Dataset extract ▸
■ ■ ■ ■ ■ ■ ■
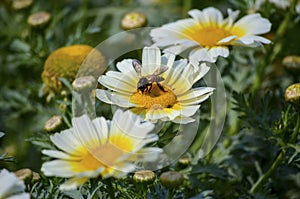 Honey Bee searching for food during spring in yellow core of a white flower petals for pollination in park garden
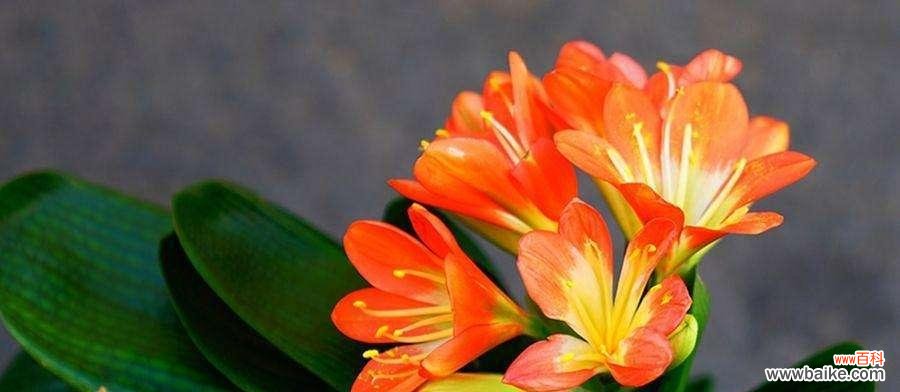 在逆境中绽放的力量 以玫瑰花代表坚强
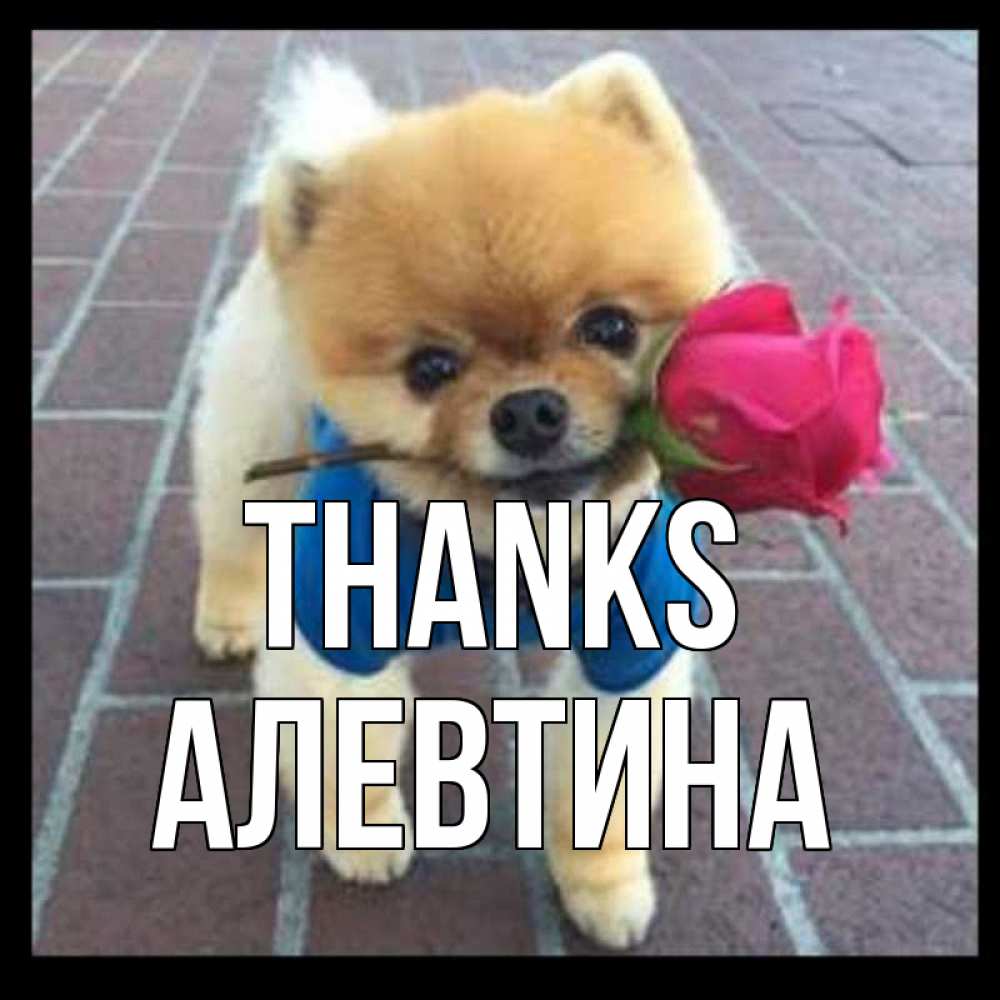 Greetings card с именем, Алевтина Thanks спасибо и дарю тебе цветок Greetings with text for free download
■ ■ ■ ■ ■ ■ ■
Exercise ▸ Nothing but the pictures should be left out when the material above is copied.

Response below ▸
 Honey Bee searching for food during spring in yellow core of a white flower petals for pollination in park garden
 在逆境中绽放的力量 以玫瑰花代表坚强
 Greetings card с именем, Алевтина Thanks спасибо и дарю тебе цветок Greetings with text for free download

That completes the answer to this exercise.